Chez le rongeur, une étude récente a en effet démontré que le jeûne intermittent réduisait les symptômes associés à la sclérose en plaques (SEP), visiblement en modifiant à la fois le microbiote intestinal et le système immunitaire, ce qui influe sur l’évolution de la maladie. Ici, les souris ont été soit autorisées à manger librement, soit nourries tous les deux jours et ce pendant quatre semaines, avant de recevoir une immunisation pour déclencher des symptômes de SEP. Les deux groupes de souris ont continué à suivre le même régime pendant sept semaines supplémentaires. Verdict : les souris qui mangeaient tous les deux jours avaient moins de cellules immunitaires pro-inflammatoires et plus d’un type de cellule immunitaire maintenant la réponse immunitaire en échec que les souris qui prenaient des repas quotidiens.

Le jeûne peut affecter l’inflammation et la réponse immunitaire de plusieurs façons”, a déclaré le Dr Piccio, principale auteure de ces travaux. “L’une consiste à changer les niveaux d’hormones. Nous avons constaté que les niveaux de l’hormone anti-inflammatoire corticostérone étaient presque deux fois plus élevés chez les souris à jeun. Mais ce peut aussi être lié au microbiote intestinal”, souligne-t-elle.

Le transfert de bactéries intestinales de souris soumises au jeûne à des souris non jeûneuses a en effet rendu ces dernières moins susceptibles de développer des symptômes de SEP, notent les chercheurs.

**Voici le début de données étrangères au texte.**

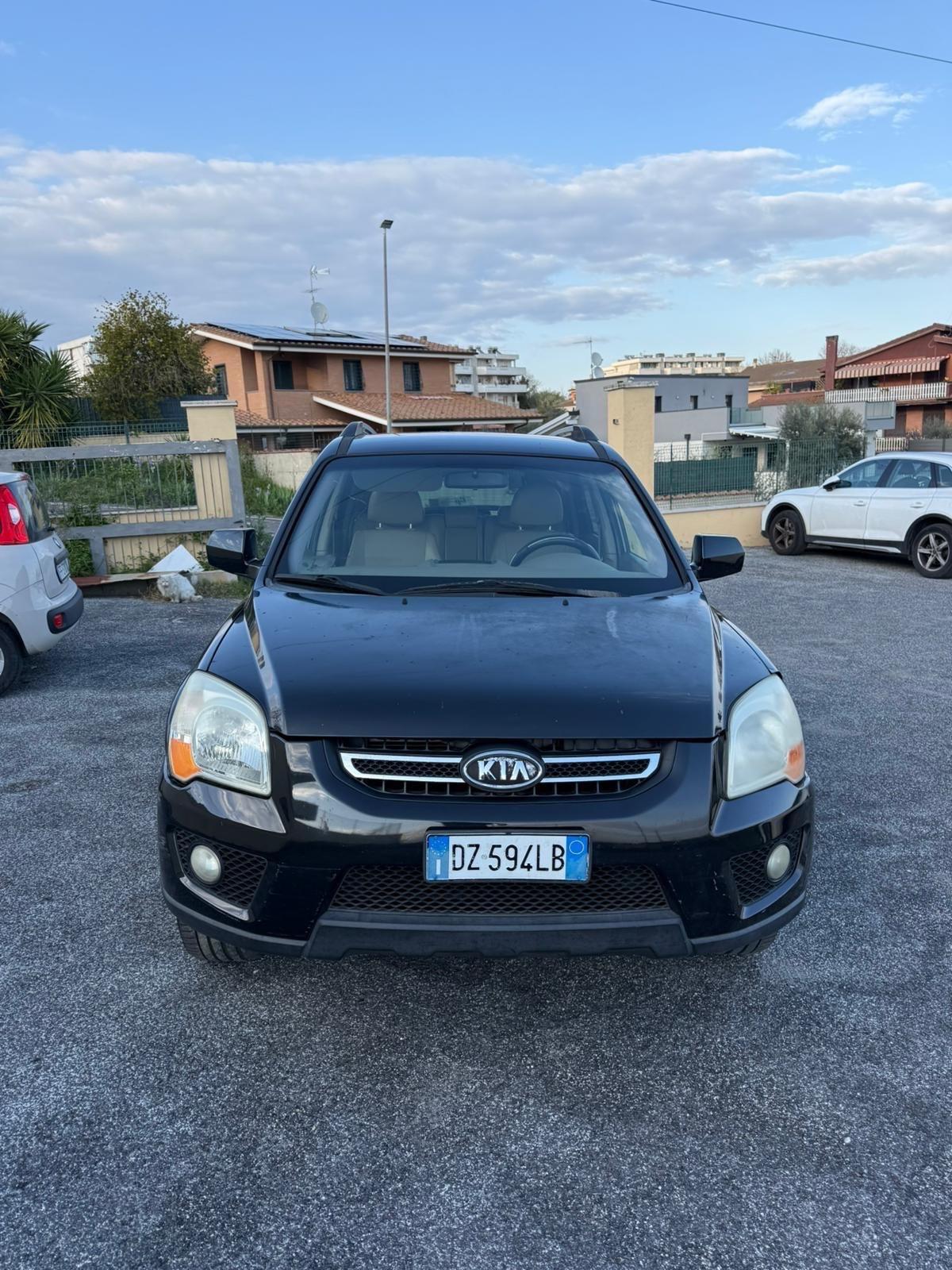 Kia Sportage 2.0 141CV Active EcoSuv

Le jeûne intermittent comme approche thérapeutique complémentaire aux traitements actuels

Espérant retrouver ces résultats chez l’homme, les chercheurs s’apprêtent à recruter 40 à 60 personnes, pour une expérimentation de douze semaines. La moitié des participants restera à son régime occidental habituel, alors que l’autre moitié gardera un régime semblable cinq jours par semaine mais se limitera à 500 calories de légumes pour les deux jours restants. Chaque participant subira une évaluation neurologique et fournira des échantillons de sang et de selles au début, au milieu et à la fin de l’étude, notent les chercheurs. Pour ces derniers, le but n’est pas de guérir la SEP, car il est très peu probable qu’un changement de régime alimentaire suffise, mais d’utiliser le jeûne intermittent comme une approche complémentaire aux traitements médicamenteux classiques.